As I walked along picking up garbage, there were two things that struck me. How does all this trash end up in these wetlands? Second, there are so many simple things that can be done to keep these life-giving spaces safe, healthy and beautiful for generations to come.
To answer the first question – trash thrown in parking lots, roadways, ball fields, restaurants, on the streets gets swept up with floodwaters and back into rivers and creeks, and then into these wetland areas. Wetlands across the US provide many important services to the environment and to the public. They offer critical habitats for fish, waterfowl, and other wildlife; they purify polluted waters; and they help check the destructive power of floods and storms. Wetlands act as natural water purifiers, filtering sediment and absorbing many pollutants in surface waters. In some wetland systems, this cleansing function also enhances the quality of groundwater supplies. I am fascinated by the fact that wetlands present along rivers and streams absorb energy and store water during storms, which reduces downstream flood damage and lessens the risk of flash floods. The slow release of this stored water over time can help keep streams flowing during periods of drought. As a foodie, I love that wetlands provide food, cover, spawning, and nursery grounds for freshwater and marine life including trout, striped bass, pike, sunfish, crappie, crab, and shrimp. And, they are particularly vital to many migratory bird species.
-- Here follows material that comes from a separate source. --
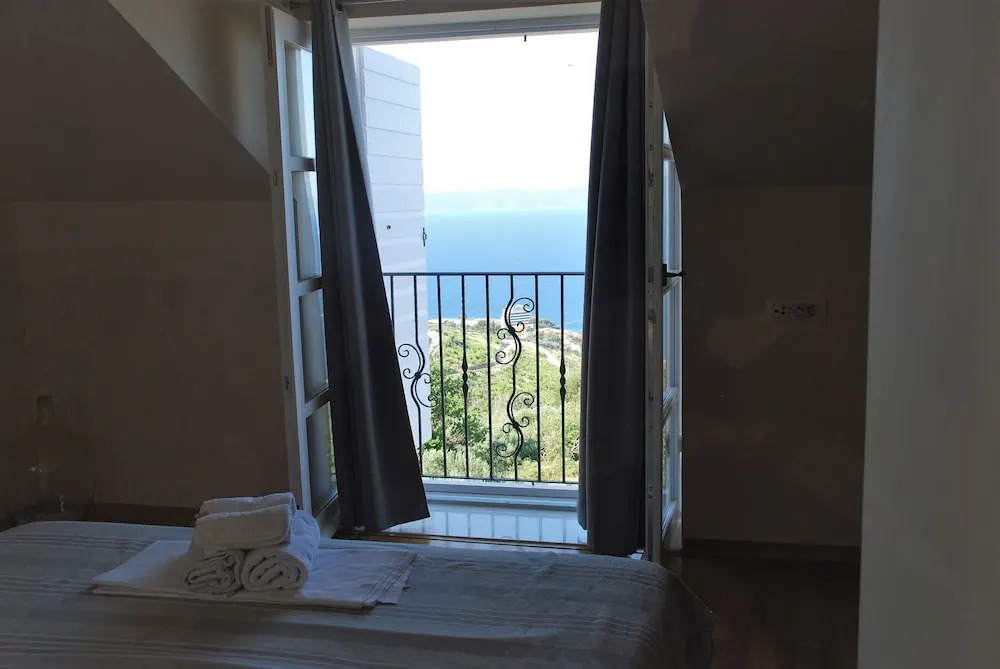 Villa Ena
Nearly 7000 plant species live in U.S. wetlands, many of which can only survive in these wet environments.*
Wetlands are a productive and valuable resource that is worthy of protection and restoration. But all this beauty and value to our environment is at risk – simply because we are careless about how we dispose of our trash. And talk about TRASH! There were mattresses, a water heater, tires, children’s toys, soccer balls, and tennis balls! But the overwhelming item discarded in this wetland area was plastic bottles.
Just google plastic bottles and the impact on the environment, and you can spend hours reading about the ravaging effects that it has on the ocean, marine life, wetlands, the ecosystem, and it goes on and on. I am not an environmental scientist, nor do I claim to be an expert on the impact of BPA or plastic on our bodies, but what I saw and picked up was enough for me to make a change.
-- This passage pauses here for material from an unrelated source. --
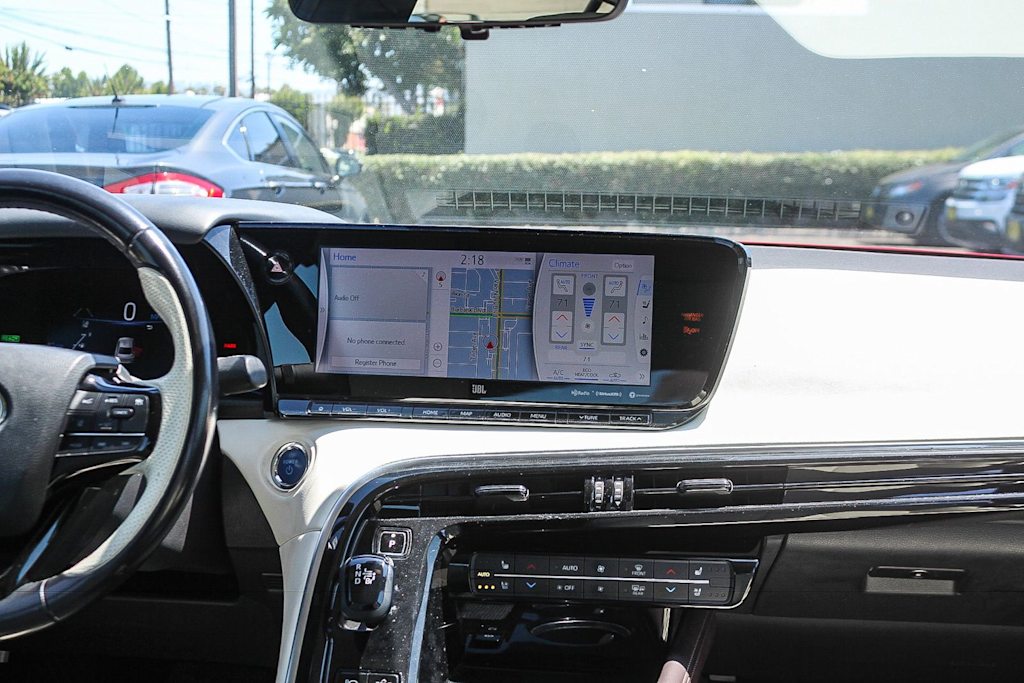 Thumbnail: 2021 Toyota Mirai - 13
Driving home from that cleanup effort, my overriding thought was, I HAVE TO DO BETTER! Here’s what I plan to do moving forward.
First, I must apologize to my daughter who has consistently encouraged me to stop buying plastic water bottles at home. I have stopped! And here are some other simple things that I am doing:
- Carry an eco-friendly reusable water bottle
- Reduce my use of plastics, and if I can’t, then reuse and recycle all plastic
- Use the water filter at home—I already have one in my refrigerator
- Working with my office to implement a water purifying system
- Carry reusable grocery bags to the store
- Skip the straw and lid at the restaurant
- Get educated, volunteer, and contribute in any other way that I can.
And I hope you will consider doing just one, or however many more meaningful steps you can take to protect our wetlands…our environment.
As we were cleaning up, John Butler, Gwinnett County’s Water Resources Outreach Manager, mentioned that this type of event is not just about getting all the trash from the Wetland area. A trash cleanup helps, but it is only a short-term solution. This effort is about raising the awareness of the volunteers so they can talk about it to someone else, and hopefully influence change.
I am certainly more aware, and I will work to make a change. I hope you will too.